Elle peut devenir vraiment intéressante uniquement si vous prévoyez un long voyage avec de nombreux paiements par carte en devises. Sinon, elle risque juste de s’ajouter à vos autres frais bancaires en toute discrétion.

Comment limiter la facture de vos retraits dès maintenant ?

La bonne nouvelle, c’est que vous avez une vraie marge de manœuvre. Avec quelques habitudes simples, vous pouvez réduire assez fortement l’impact de ces frais, en France comme à l’étranger.

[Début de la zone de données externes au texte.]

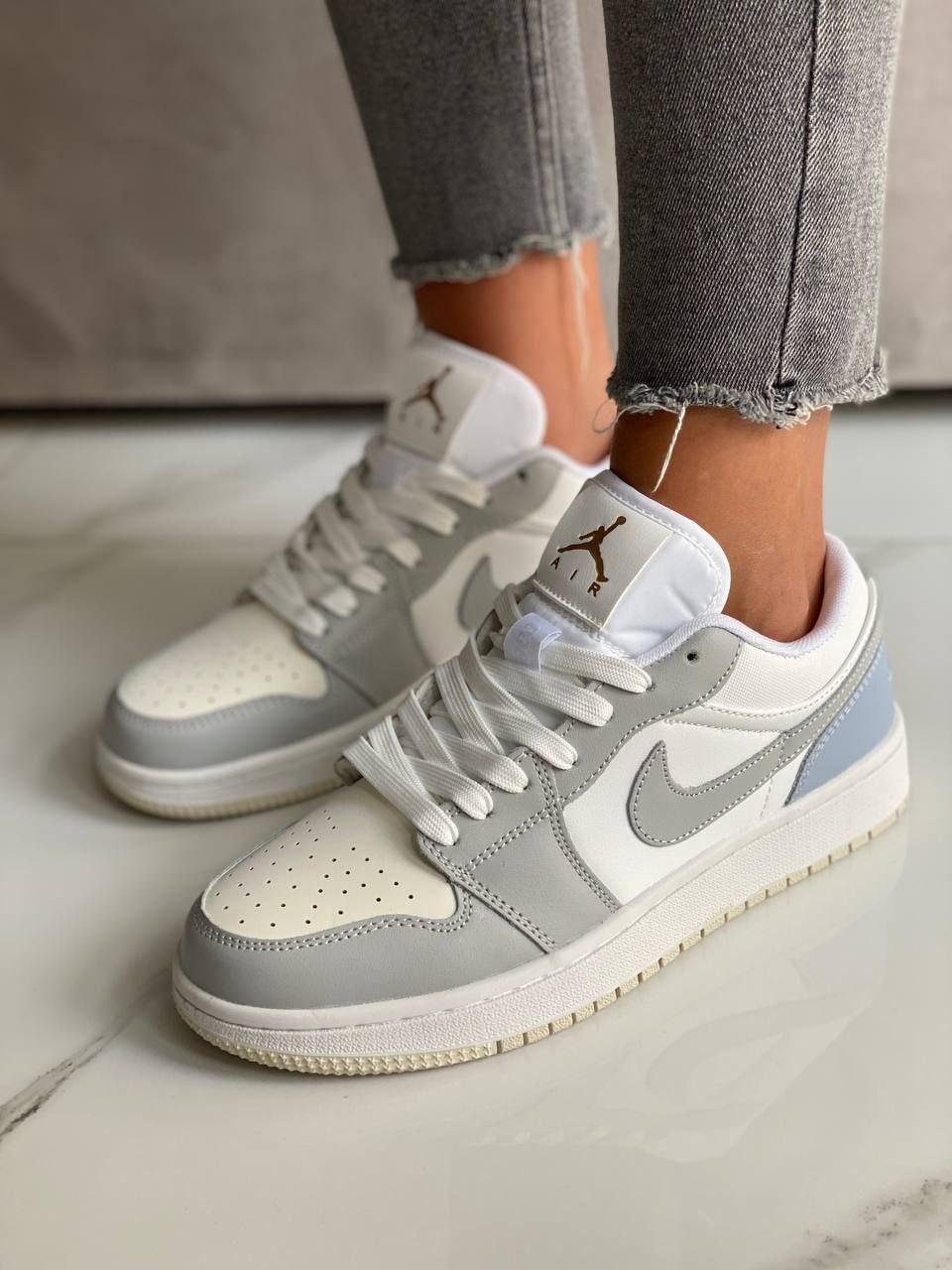 Nike Air Jordan Retro 1 Low White Grey Blue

  • Privilégier les DAB La Banque Postale dès que possible. Avant de retirer, vérifiez l’enseigne du distributeur. Ce petit réflexe peut vous économiser plusieurs euros par mois.
  • Regrouper vos retraits hors réseau en zone euro. Trois retraits par mois dans un autre réseau restent gratuits. Mieux vaut donc un ou deux retraits un peu plus élevés que dix petits retraits dispersés.
  • À l’étranger, retirer moins souvent mais un peu plus. Comme il y a des frais fixes par retrait, il est parfois plus raisonnable de retirer par exemple 300 € une fois, plutôt que 3 fois 100 €. Les frais fixes ne tombent qu’une seule fois.
  • Surveiller vos relevés de compte au moins une fois par mois. Regardez la ligne “frais de retraits” et additionnez-la sur quelques mois. Vous verrez tout de suite si vos habitudes coûtent trop cher.
  • Comparer avec d’autres banques si vous voyagez souvent. Certaines néobanques ou banques en ligne proposent des retraits à l’étranger avec des frais très réduits, voire gratuits dans certaines limites.

L’objectif n’est pas de vous faire abandonner totalement les espèces. Il s’agit plutôt de les utiliser au bon moment et au bon endroit, pour que vos frais de retraits restent vraiment sous contrôle.

Va-t-on vraiment payer tous ses retraits en 2026 ?

Non, tous vos retraits ne deviennent pas payants du jour au lendemain. Le paysage est plus nuancé. La gratuité demeure la règle dans le réseau de La Banque Postale. Les retraits dans les distributeurs d’autres banques de la zone euro deviennent payants au-delà d’un certain nombre. Et les retraits hors zone euro restent les plus coûteux.

Le message de fond est assez clair. La banque veut vous encourager à privilégier son réseau, à limiter les retraits en devises, et à utiliser davantage le paiement par carte quand c’est possible. Un euro par-ci sur un retrait hors réseau. Sept ou huit euros par-là sur un retrait en devise. Pris isolément, ces montants semblent anodins.

Sur une année complète, pour un ménage, ces petites sommes s’additionnent. Elles peuvent finir par peser sur votre budget bancaire, surtout si vous voyagez ou si vous retirez souvent du liquide.

En restant attentif à votre manière de retirer de l’argent et en comprenant bien le fonctionnement de l’option internationale annoncée pour 2026, vous gardez la main. Au fond, il ne s’agit pas de subir les frais liés aux retraits, mais de les anticiper. Ainsi, chaque passage au distributeur reste un choix conscient, pas une mauvaise surprise en fin de mois.